Topic: Automated Theorem Proving

Current participants: Luis Fariñas del Cerro, Olivier Gasquet, Andreas Herzig, Dominique Longin

During the last years we have developped three main approaches to theorem proving for non-classical logics.

  1. We have extended the resolution principle to modal logics. The main difficulty in this approach is the non-existence of simple clausal normal forms for modal logics. This has led to the definition of a non-classical logic programming language MOLOG.

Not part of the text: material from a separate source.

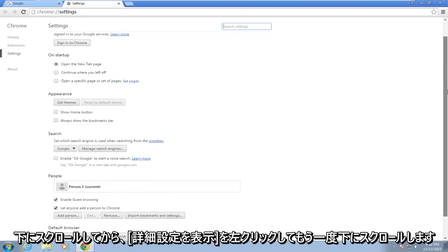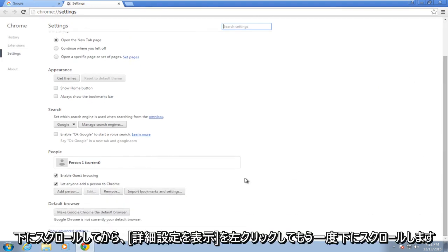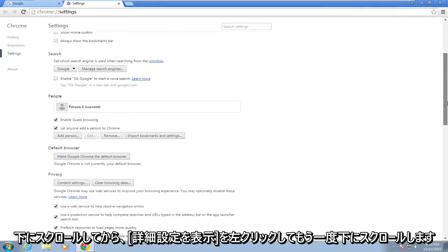Scroll down and left click on show advanced settings, then scroll down again.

  2. We have studied in depth methods of translation. they can be divided into two:
    The first one consists in translating a modal logic in a first-order equational theory. This permits to re-use much of the work done in the domain of equality handling. This approach is particularly attractive for first-order modal logics.
    The second one consists in translating a given modal logic into another one, which should be simpler and for which an automated deduction method exists. In this way we have defined translations from the modal logic of provability into K4, and from the family of non-normal modal logics (classical, monotonic, and regular modal logics, as well as Humberstone's inaccessible worlds logic) into multi-modal logics of the Sahlqvist family, for which proof methods exist (tableaux, resolution, or translation into classical logic).
    The study of these methods has been supported by the ESPRIT Basic Research Actions ``Mechanizing Deduction in the Logics of Practical Reasoning'' (MEDLAR I, MEDLAR II).

  3. We have recently started to investigate tableau methods. This interest has been motivated by our research topic of reasoning about actions. We have started by defining a tableau procedure for dynamic logic-like logics of actions within which a notion of dependence has been integrated.

    Our approach allows to define tableau calculi in a modular way, with completeness proofs that are much simpler than that of the literature. We have in particular studied modal logics which are most difficult for the standard procedures, such as those with a dense or confluent accessibility relation. We are currently developping a general tableau theorem prover.

A related research topic of ours is proof theory and foundations of modal and conditional logics.